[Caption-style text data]
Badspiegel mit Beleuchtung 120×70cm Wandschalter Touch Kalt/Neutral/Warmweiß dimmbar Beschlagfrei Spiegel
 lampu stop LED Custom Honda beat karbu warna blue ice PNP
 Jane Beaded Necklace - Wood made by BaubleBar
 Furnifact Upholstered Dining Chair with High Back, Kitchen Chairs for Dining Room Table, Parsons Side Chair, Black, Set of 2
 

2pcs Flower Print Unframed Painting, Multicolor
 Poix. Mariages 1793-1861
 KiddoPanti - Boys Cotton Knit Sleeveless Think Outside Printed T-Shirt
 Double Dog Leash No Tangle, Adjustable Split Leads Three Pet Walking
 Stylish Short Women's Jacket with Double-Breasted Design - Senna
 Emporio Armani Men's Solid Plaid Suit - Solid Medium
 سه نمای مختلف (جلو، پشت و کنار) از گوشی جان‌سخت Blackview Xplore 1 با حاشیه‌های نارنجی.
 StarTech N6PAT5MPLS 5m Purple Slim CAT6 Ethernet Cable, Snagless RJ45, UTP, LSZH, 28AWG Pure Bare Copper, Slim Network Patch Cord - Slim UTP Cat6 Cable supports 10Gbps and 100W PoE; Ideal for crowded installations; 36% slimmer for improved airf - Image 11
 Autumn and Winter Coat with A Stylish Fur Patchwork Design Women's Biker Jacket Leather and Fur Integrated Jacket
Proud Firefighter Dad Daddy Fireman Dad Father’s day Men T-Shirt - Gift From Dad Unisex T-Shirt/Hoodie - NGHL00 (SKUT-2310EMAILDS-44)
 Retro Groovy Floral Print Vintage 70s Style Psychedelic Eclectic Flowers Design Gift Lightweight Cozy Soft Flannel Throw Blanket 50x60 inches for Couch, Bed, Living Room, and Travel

§ **Task description**
Look back at the entries above and repeat, unchanged, every line from the line holding "Furnifact Upholstered Dining" through the line holding "Stylish Short Women's".

§ **Expected answer**
 Furnifact Upholstered Dining Chair with High Back, Kitchen Chairs for Dining Room Table, Parsons Side Chair, Black, Set of 2
 

2pcs Flower Print Unframed Painting, Multicolor
 Poix. Mariages 1793-1861
 KiddoPanti - Boys Cotton Knit Sleeveless Think Outside Printed T-Shirt
 Double Dog Leash No Tangle, Adjustable Split Leads Three Pet Walking
 Stylish Short Women's Jacket with Double-Breasted Design - Senna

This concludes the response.